The task is to produce a nowcast, i.e., a prediction of rainfall a few hours
into the future. The input to the model are atmospheric and surface
observations from NOAA’s High-resolution Rapid
Refresh
In this work, we analyze the predictions of a deep learning (neural
network) model. These models operate differently from traditional numerical
weather prediction (NWP) models. NWP models use the same data as input, but
rely on hand-engineered structured equations that encode the physics of
rainfall. In contrast, the deep learning models learn a function from
inputs to predictions without additional inductive bias (i.e., feature
design). While the DL approaches are data-driven, i.e., they learn from
patterns in the observations that are not directly encoded by physics, they
have been successful at certain weather prediction tasks
The drawback of pure deep learning approaches is that we do not constrain the model to respect the laws of physics, and therefore there is a risk that deep learning models could rely on a non-causal correlation. We seek to confirm that our deep learning model behaves consistent with our knowledge of physics, and is trustworthy.

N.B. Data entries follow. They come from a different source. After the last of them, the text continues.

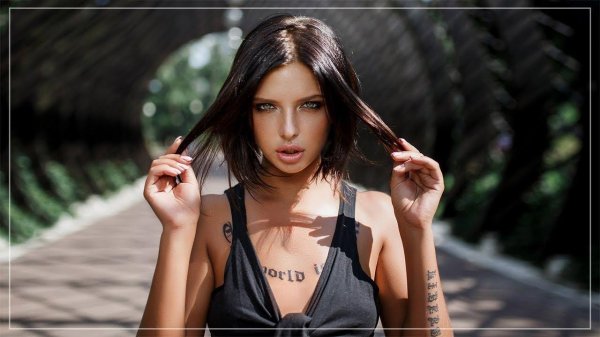 Вероника девушка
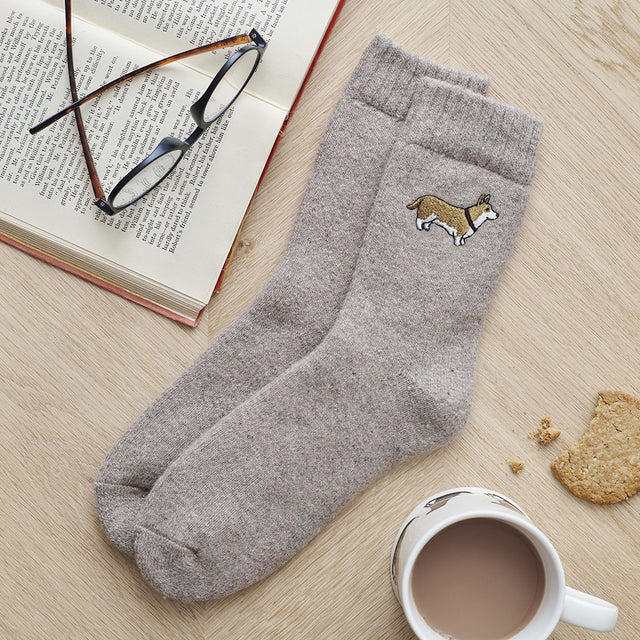 dog-walker-socks-corgi-sweet-william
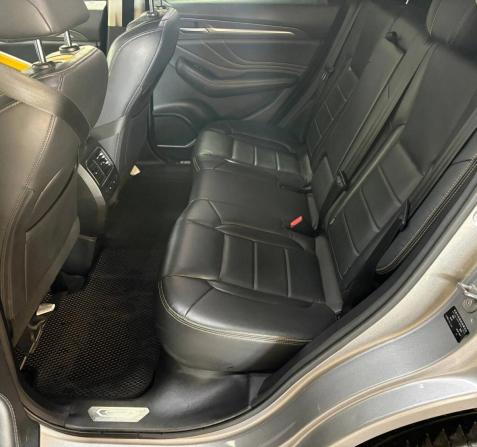 Haval F7x I с пробегом 2021 года, цена 1 460 000 рублей, 163533 км, внедорожник, Автокод Объявления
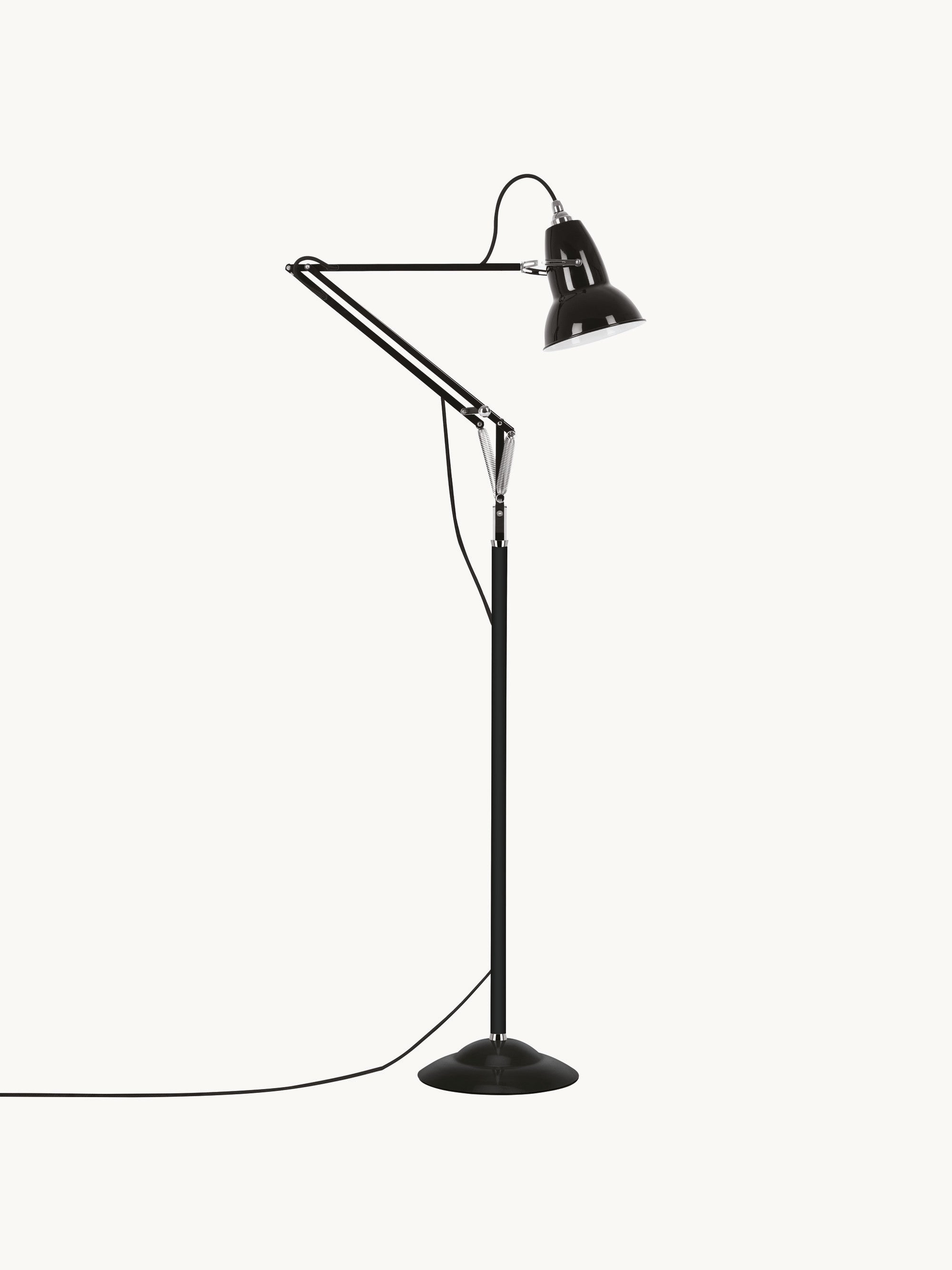 Petite liseuse LED Seff - Noir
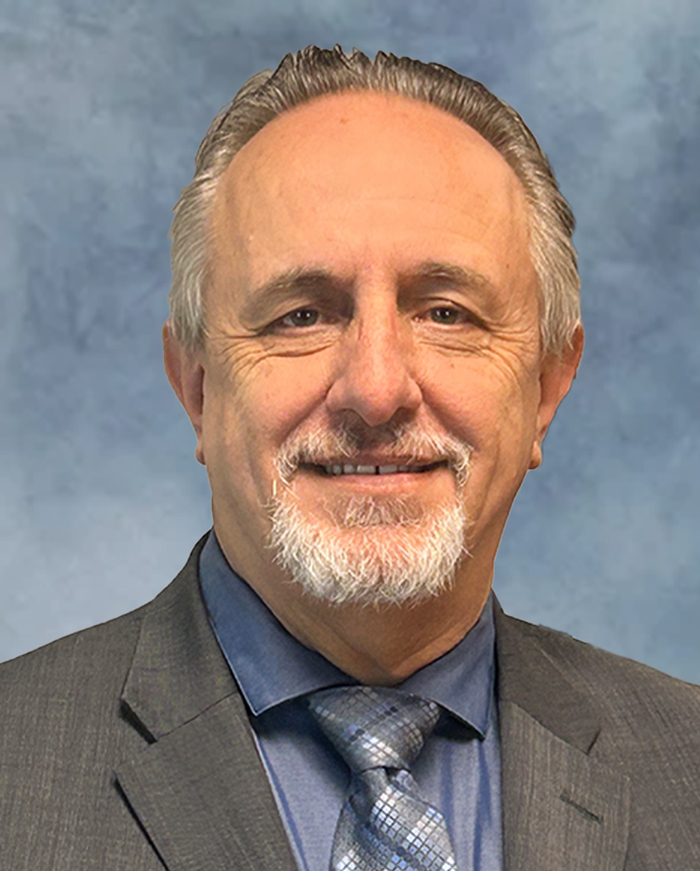 Dr. J. Ricky Fergurson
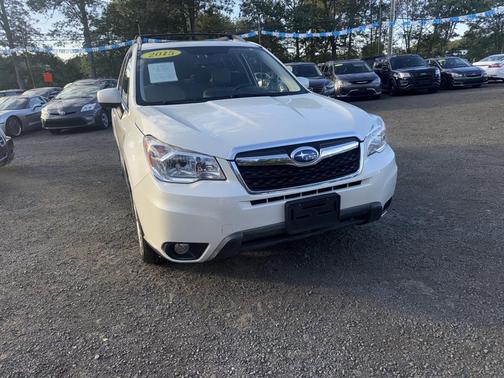 2015 Subaru Forester 2.5i Limited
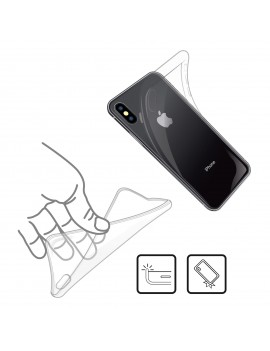 Custodia cover foderino TPU GEL silicone morbida per Cellulari Xiaomi 1 FA9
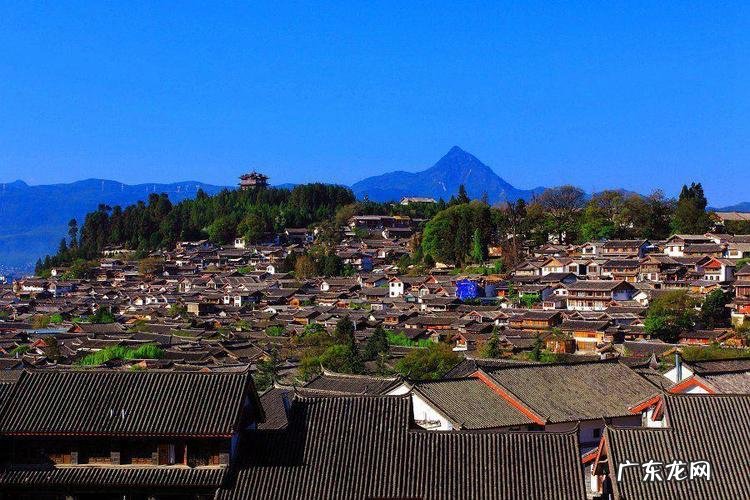 丽江三义旅游攻略:丽江古城内有哪些地方值得去呢?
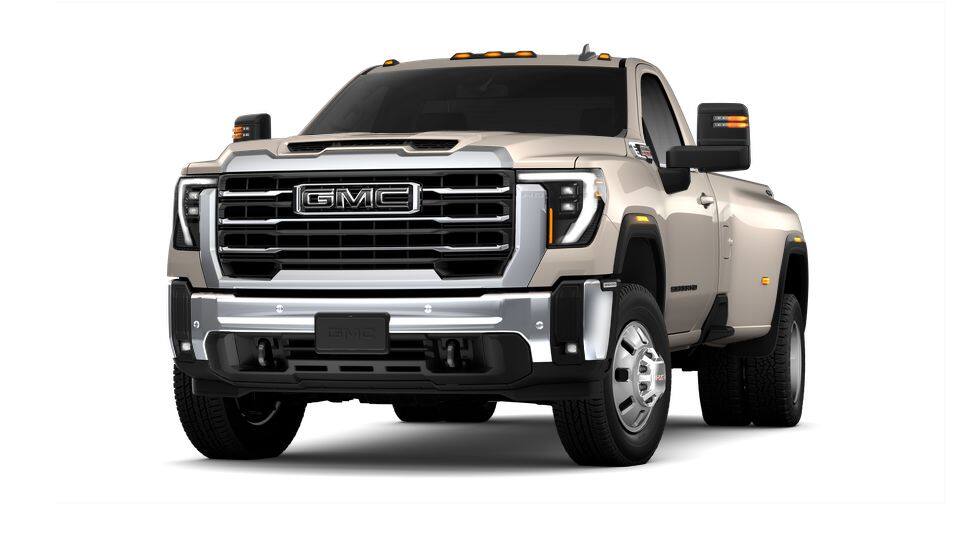 2026 GMC Sierra 3500HD SLE - Photo 3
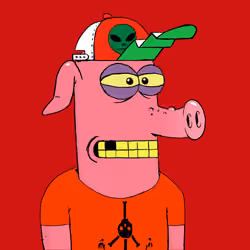 RAVE PIGS #5435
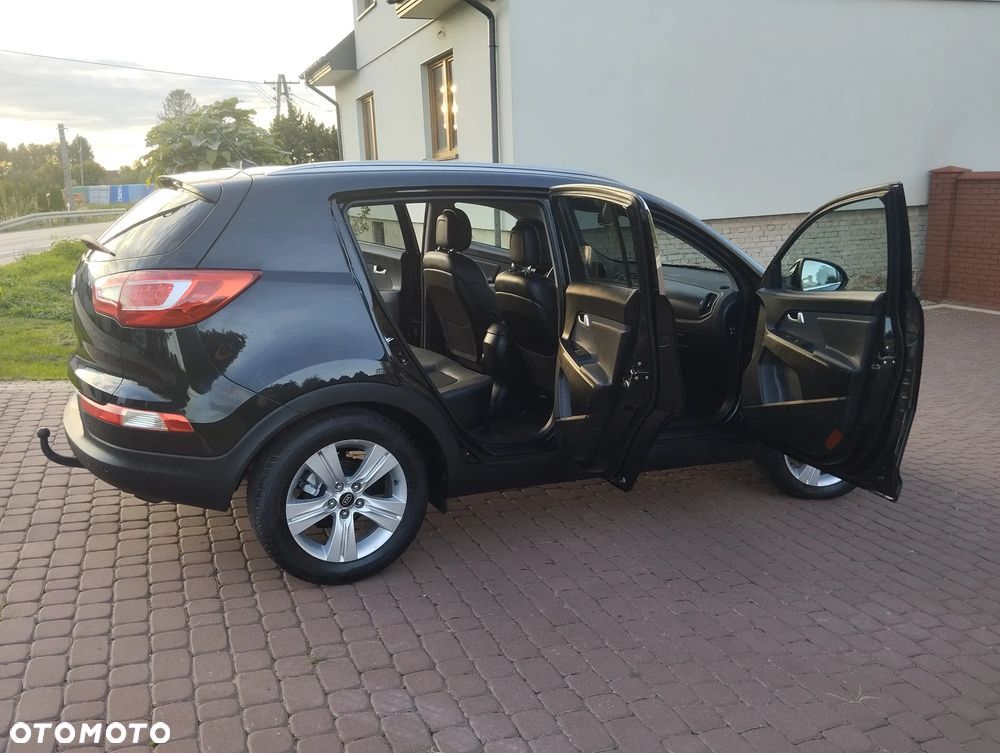 Kia Sportage 2.0 CVVT 2WD Vision - 20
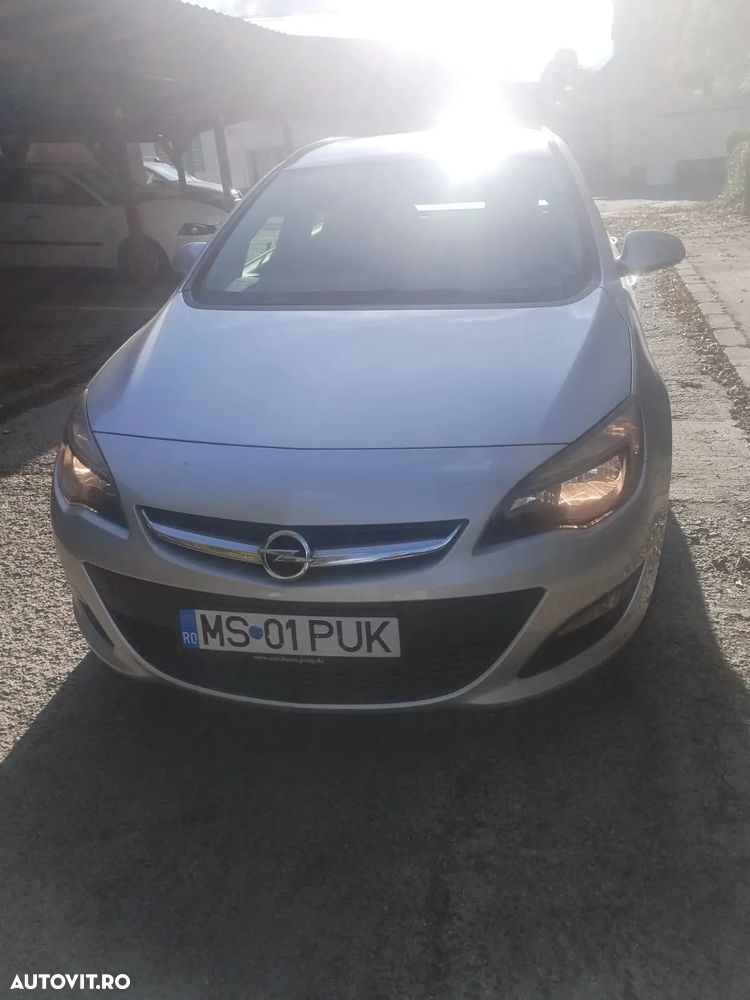 Opel Astra 1.7 CDTI DPF Active - 1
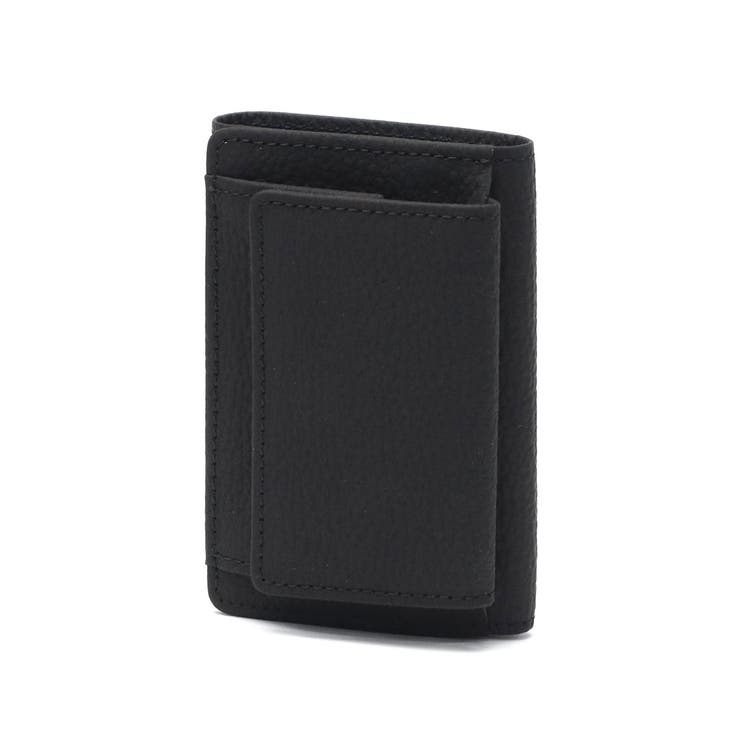 inkblack | REN 三つ折り財布 レン | ギャレリア Bag＆Luggage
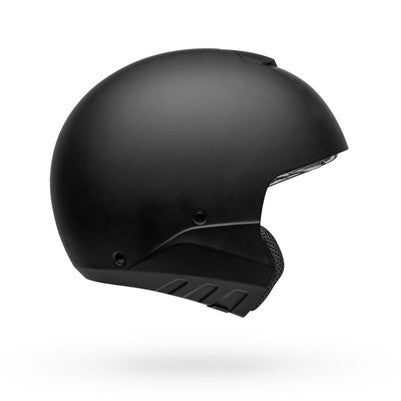 Bell Broozer Modular Helmet - Matte Black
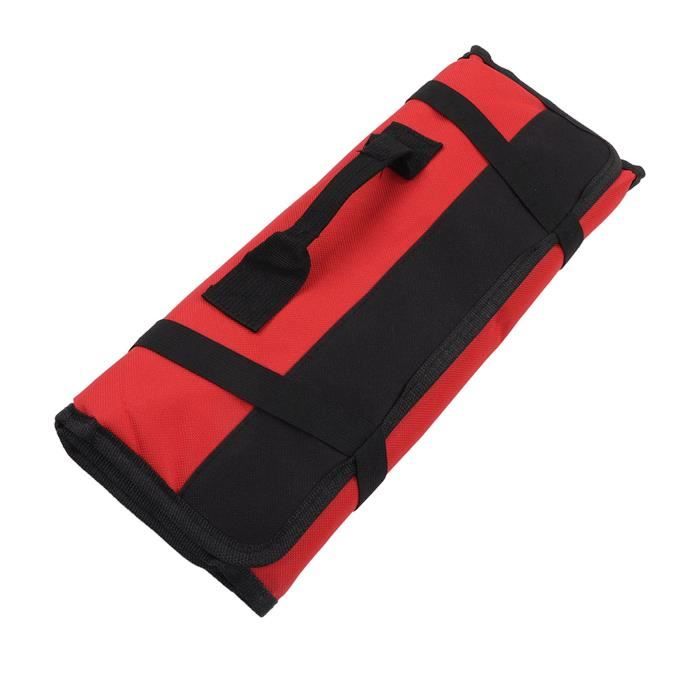 Sac Rangement Pédales Audio Étui De Rangement Guitare électrique - 58x33x10 Cm - Tissu Oxford, Anti-poussière, Transport Pédales Effet Protection équipement Audio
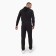 Male costume (hoodies, trousers) minku "confident" color Black, size 48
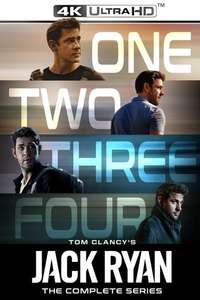 Tom Clancy’s  Jack Ryan - Posters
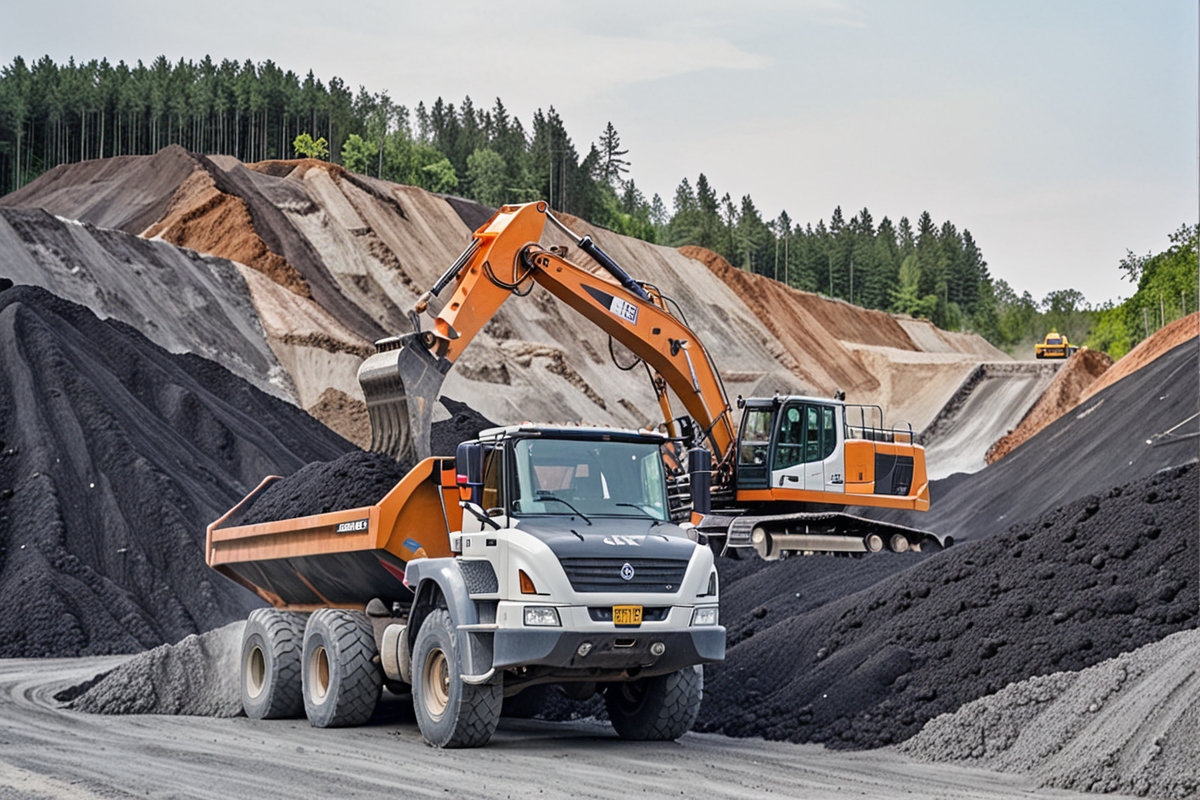 Liebherr TA 230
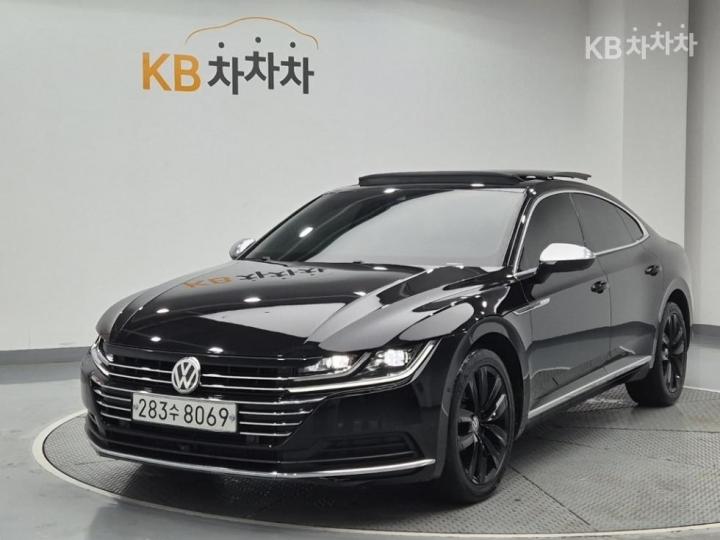 Volkswagen Arteon 2.0 TDI Elegance Prestige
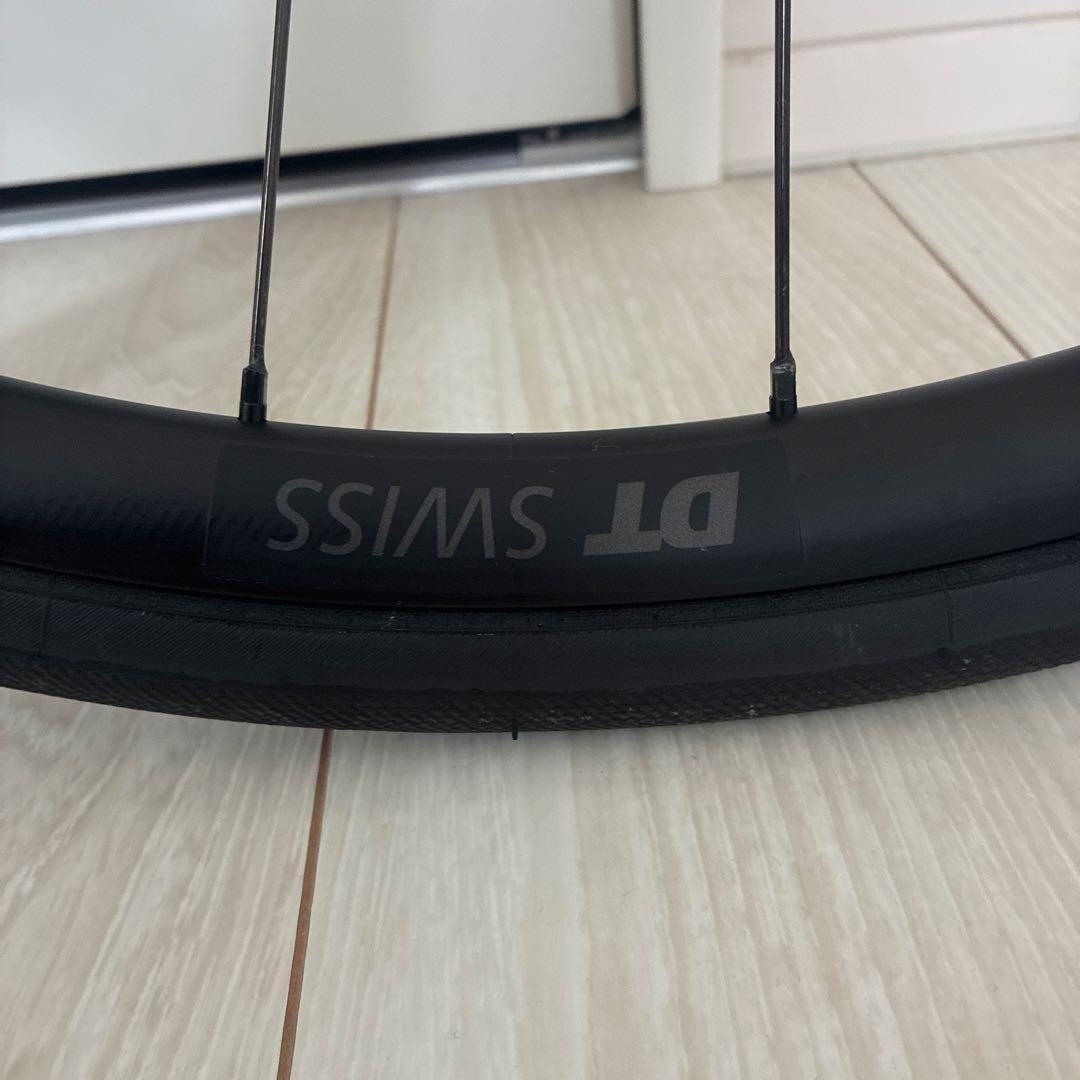 DT SWISS R470 完組ホイール　タイヤ+チューブ付き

We analyze a rainfall prediction model that produces a forecast of the quantity of rainfall (measured in mm/hr over a 1kmX1km area) three hours into the future. The model takes 56 atmospheric and surface observations at time \(t_0\) as input, each of which is a gridded \(256 \times 256\) image. As a standard practice, we normalize all the features to be in the range\([0, 1]\). The label (ground truth) is a \(256 \times 256\) gridded map representing the actual rainfall three hours into the future.
The model is a neural network using an architecture called residual U-Net
consisting of convolution, upsampling, downsampling and ReLU activations.
We use a ReLU in the final layer to constrain the model to predict
non-negative rainfall. The model is trained using mean squared error as the
loss function. The model is also L2 regularized. We refer the reader to
Agrawal et al
The model has an L2 (mean squared error) of 0.905. Contrast this with HRRR, a numerical weather prediction model, that has an L2 of 5.181. This difference in performance could stem from multiple sources: (a) The HRRR model is not tuned for L2 loss. (b) The HRRR model takes longer to produce a forecast, and therefore must rely on older data because it needs a longer gap between the instant at which sensor readings are collected and the instant of the forecast.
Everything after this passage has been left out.